USER: How do I pass command line arguments to a Node.js program?
ChatLLaMa: The arguments are stored in process.argv.

    argv[0] is the path to the Node. js executable.
    argv[1] is the path to the script file.
    argv[2] is the first argument passed to the script.
    argv[3] is the second argument passed to the script and so on.
USER: Name a color.
ChatLLaMa: Blue.
USER: What time is it?
ChatLLaMa: It is 17:46.
USER: How to write hello world in ADA.
ChatLLaMa: To write "Hello World" in Ada, you need to create an empty project called "hello_world", then open your text editor (like Visual Studio Code or Sublime Text) and add the following code to it:
with Ada.Text_IO; use Ada.Text_IO; with Ada.Integer_Text_IO; use Ada.Integer_Text_IO; procedure HelloWorld is begin Put("Hello World"); NewLine; end HelloWorld; begin HelloWorld; end;

Then save the file as "hello_world.adb". Finally run the program by opening the terminal window and typing the command "gnatmake -P hello_world.gpr" and press enter key. Then wait for few seconds until the program finishes running and shows the output result on the screen.
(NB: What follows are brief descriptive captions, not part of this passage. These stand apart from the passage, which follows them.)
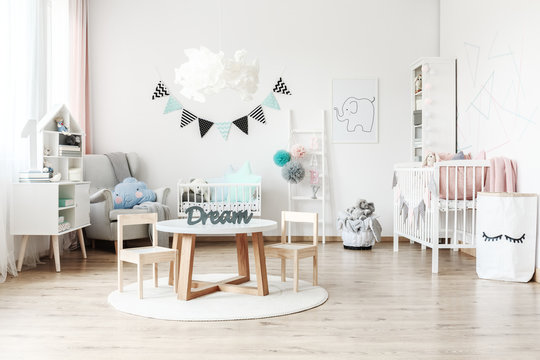Child's room with white furniture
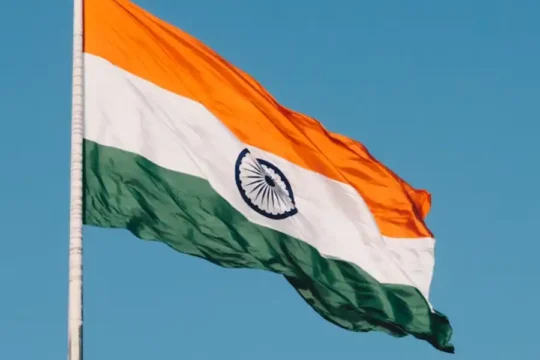 A large Indian flag (Tiranga) flapping in the wind against a clear blue sky.
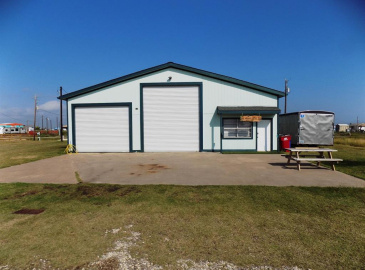 One of a kind shop, boats and RV storage, entertainment/living area, loft area above.  This property is being sold with all 3 lots!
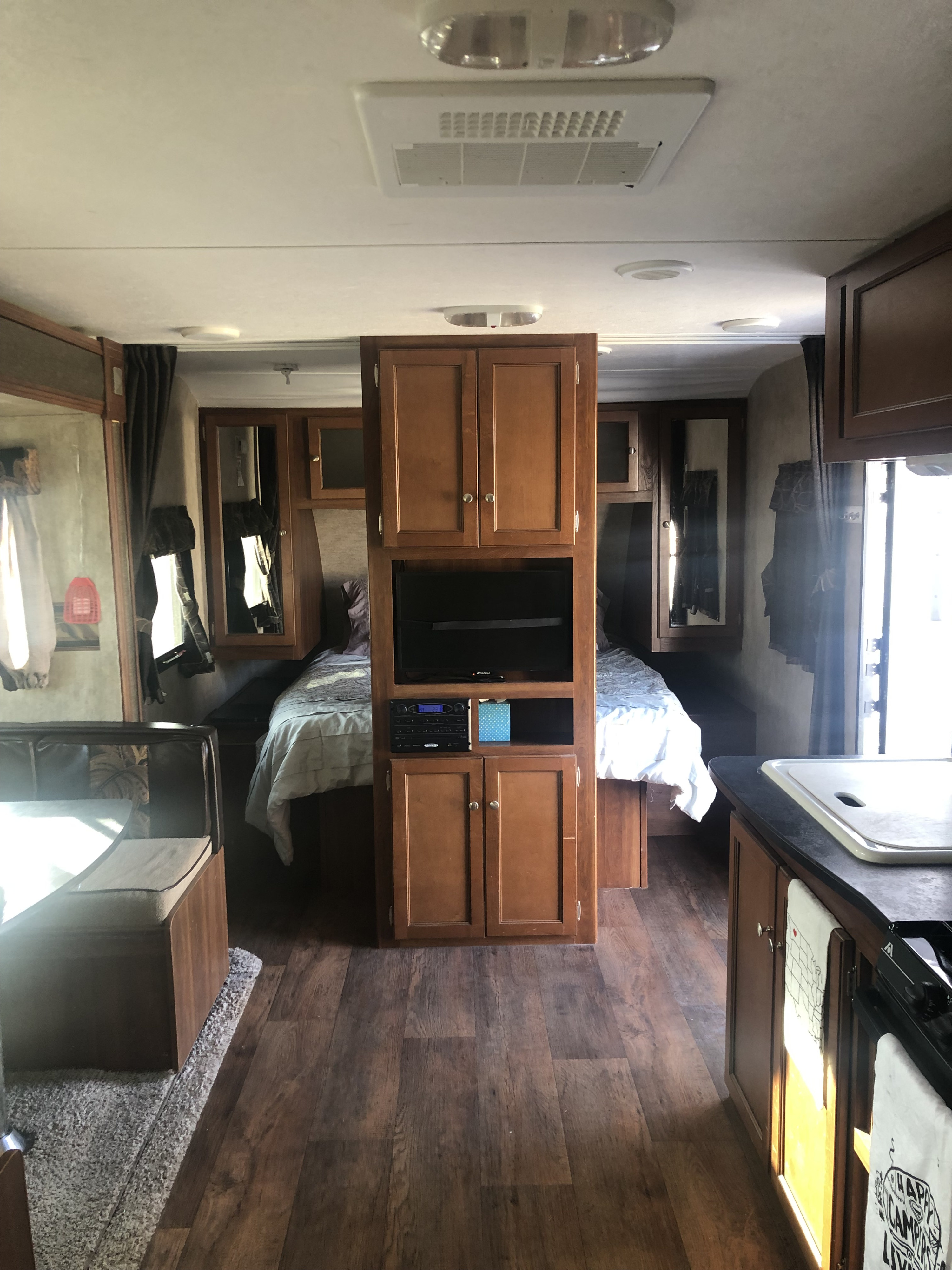 Experience comfort in this RV rental's cozy interior, featuring a bedroom, dinette, and well-equipped kitchen.. Keystone RV Bullet Ultra Lite 2015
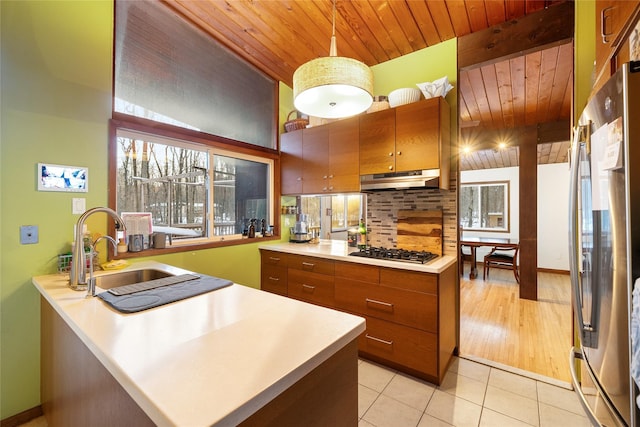 kitchen featuring sink, light tile patterned floors, kitchen peninsula, pendant lighting, and stainless steel appliances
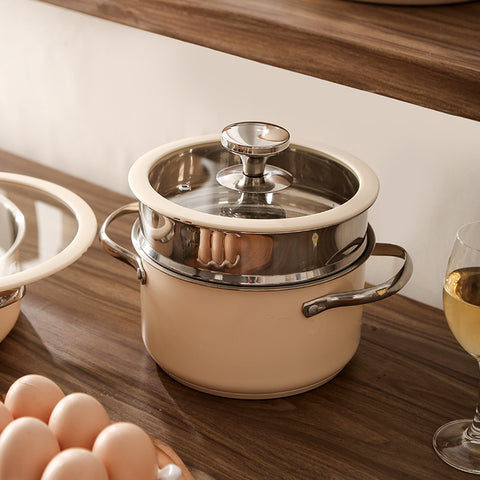 Steamer pot and saucepan from beige cookware set in use on counter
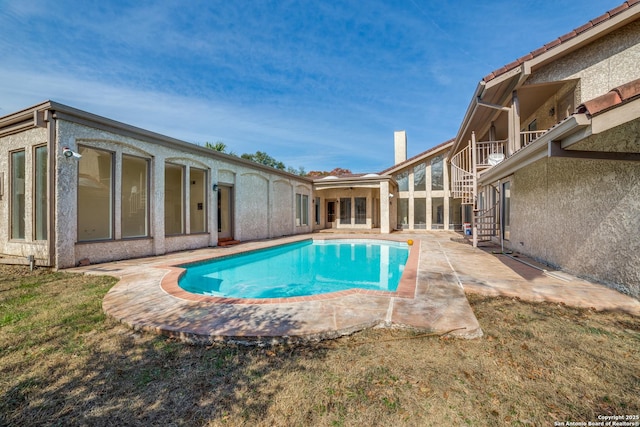 view of swimming pool featuring a patio and a yard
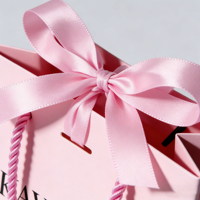 Sacs en papier écologiques de qualité supérieure avec poignées mignonnes pour l'emballage de bijoux, de lunettes et de montures optiques, en couleurs personnalisées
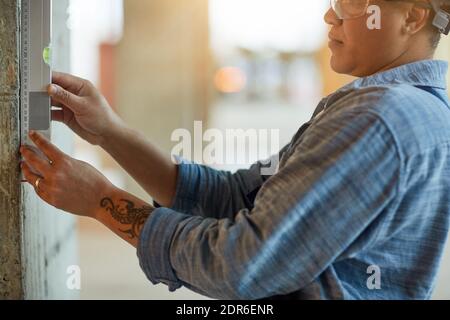 Cropped side view of female worker measuring wall level while working on construction site, copy space Stock Photo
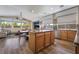 Open-concept kitchen flows into the living area, complete with an island, stainless appliances, and wood cabinets at 1387 Minuet St, Henderson, NV 89052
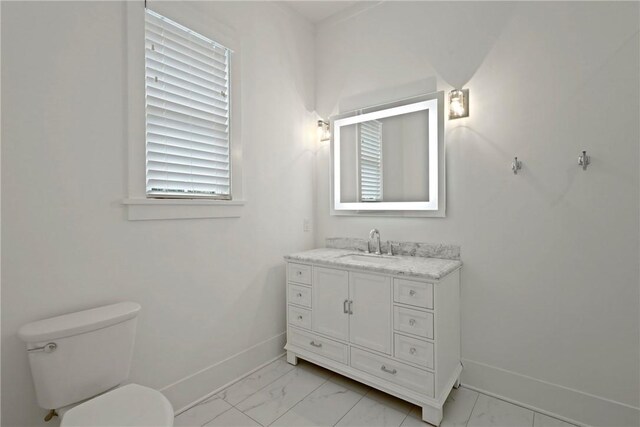 4 Lake View Cottages Ct, Saint Simons Island, GA 31522 - bathroom with marble look tiles, baseboards, vanity, and toilet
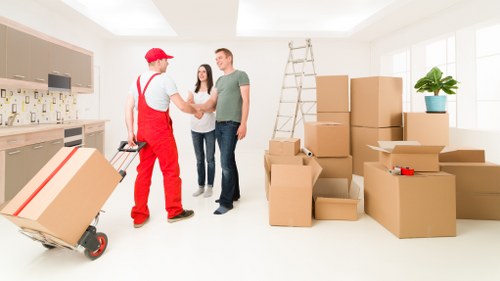A moving team assessing access and protecting property before lifting furniture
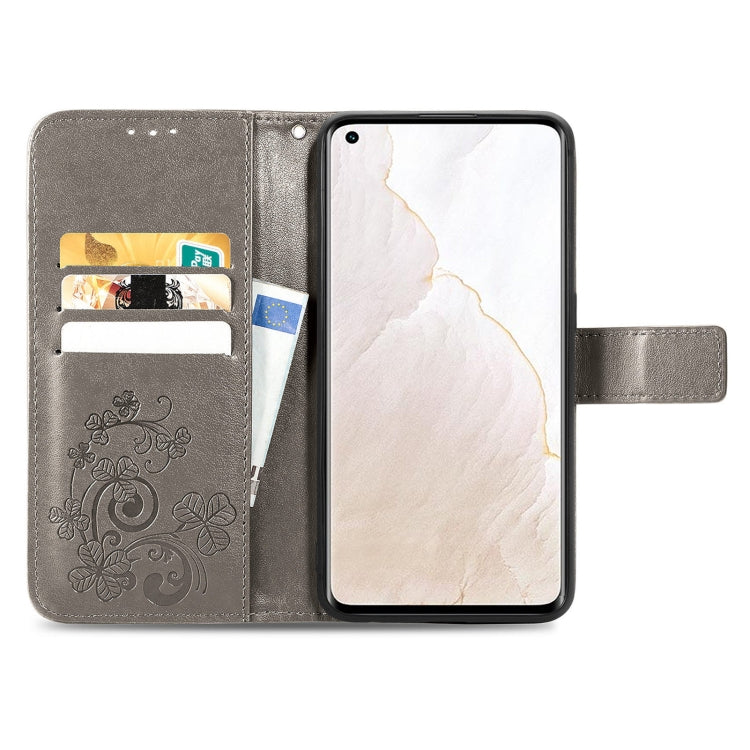 For OPPO Realme GT Explorer Master Four-leaf Clasp Embossed Buckle Leather Phone Case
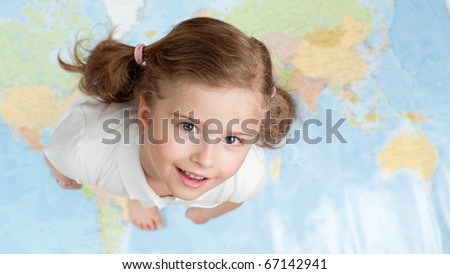All my world - happy little girl on map background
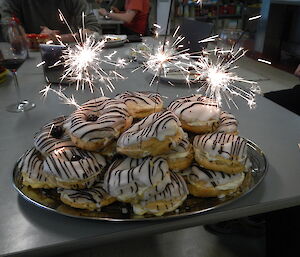 Petes birthday cake on station — a pile of cream filled iced Bavarian cream rings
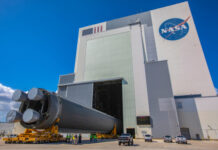 Blue Origin’s Engine BLAST: Hidden Risks Exposed A large rocket being transported outside a NASA building under a blue sky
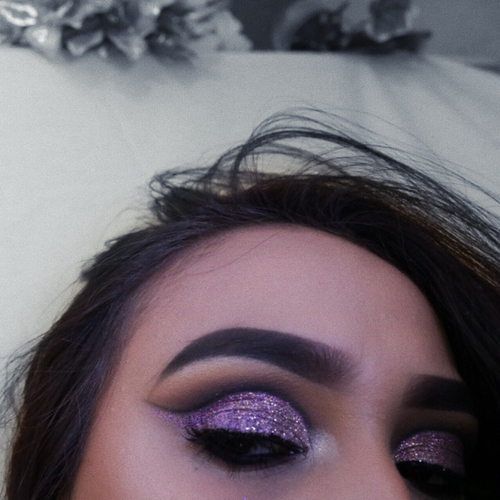 A woman eyes, showing off her newly done glam makeup.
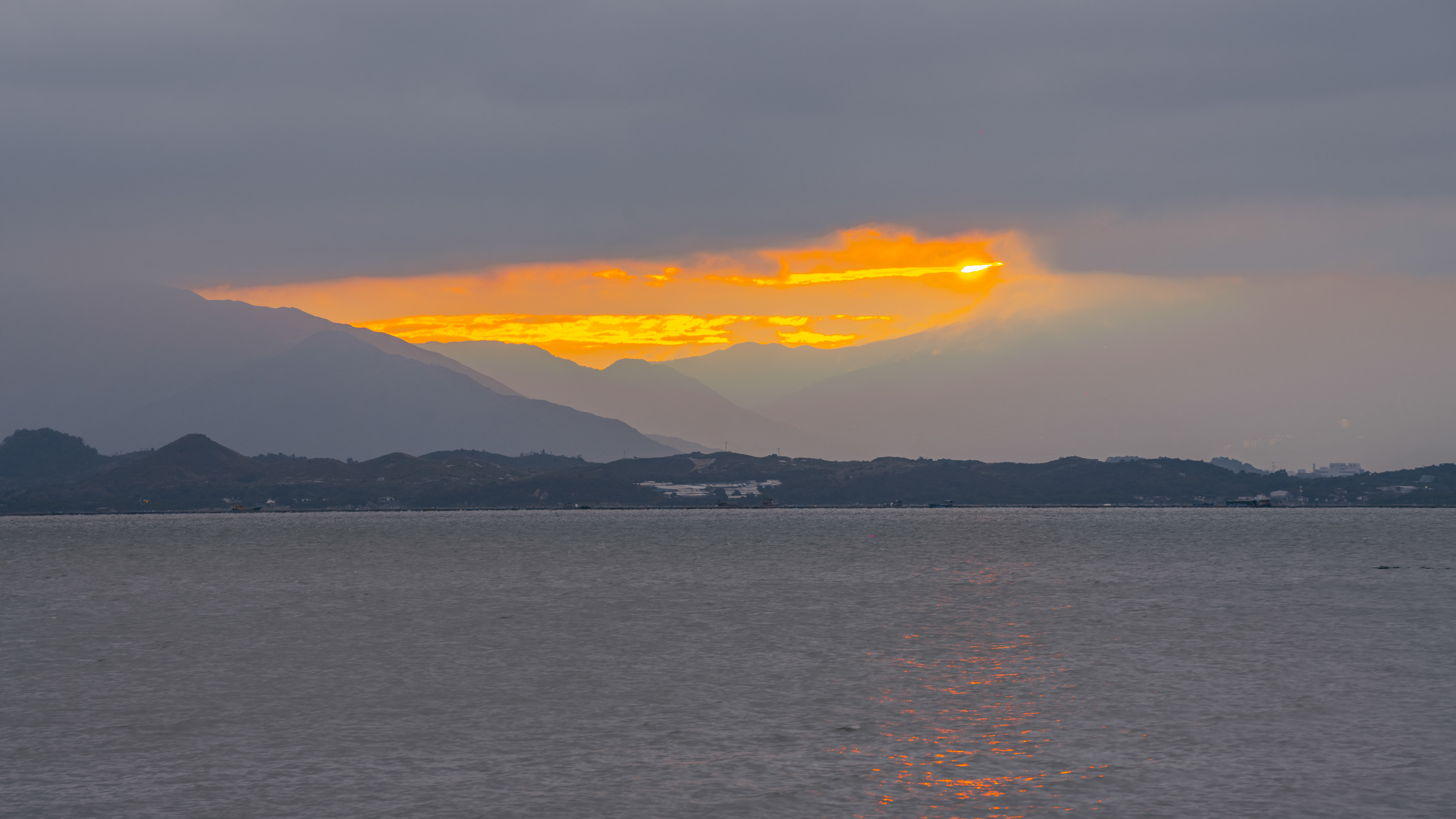 8k延时深圳湾海面日出金光照射在山间风景视频的预览图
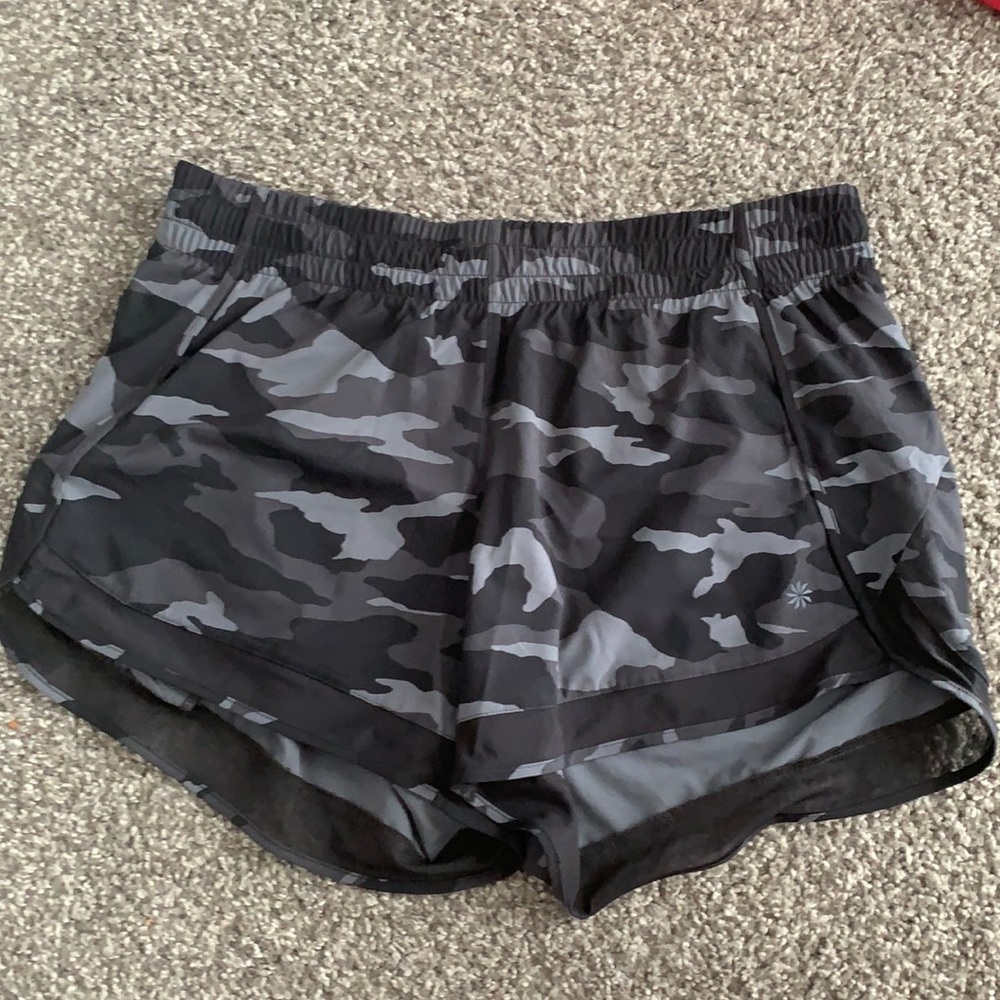Black camo Athleta Relay shirt size M. 4” inseam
Oobabooga's text-generation-webui and llama-cpp-python

This is a Gradio UI for LLMs. It listens on the same port as stable diffusion webui.

$ cd
$ git clone https://github.com/oobabooga/text-generation-webui.git
$ cd text-generation-webui
$ python3 -m venv ooba
$ source ooba/bin/activate 
# for fish run "source ooba/bin/activate.fish" instead
$ pip install -r requirements.txt

We need to replace the llama-cpp-python lib with one that has ROCm support.

$ pip uninstall llama-cpp-python
$ CMAKE_ARGS="-DLLAMA_HIPBLAS=on" pip install --no-cache llama-cpp-python

Place your model under the models folder and launch the program. As always make sure the environment variables are passed to the program.

HIP_VISIBLE_DEVICES=0 HSA_OVERRIDE_GFX_VERSION="10.3.0" python server.py

You might not need to pass the variables if they are in your profile but I'm stressing how they are necessary here.

Point your browser to http://localhost:7860 and load the desired model from the web interface. This one can OOM if you load too many layers so you might need to actually adjust the value.

You need to activate the venv before launching it. Having the same venv for all the programs or not using venv at all is not a good idea. These projects often use specific versions and you might end up with a dependency mess if.

Langchain

This follows a similar path from ooba since it uses llama-cpp-python.

$ python3 -m venv langchain
$ source langchain/bin/activate 
# for fish run "source langchain/bin/activate.fish" instead
$ CMAKE_ARGS="-DLLAMA_HIPBLAS=on" pip install --no-cache llama-cpp-python
$ pip install langchain

Read Langchain llamacpp doc and start coding. Alternatively you can setup an OpenAI compatible endpoint with pure llama.cpp in server mode or llama-cpp-python.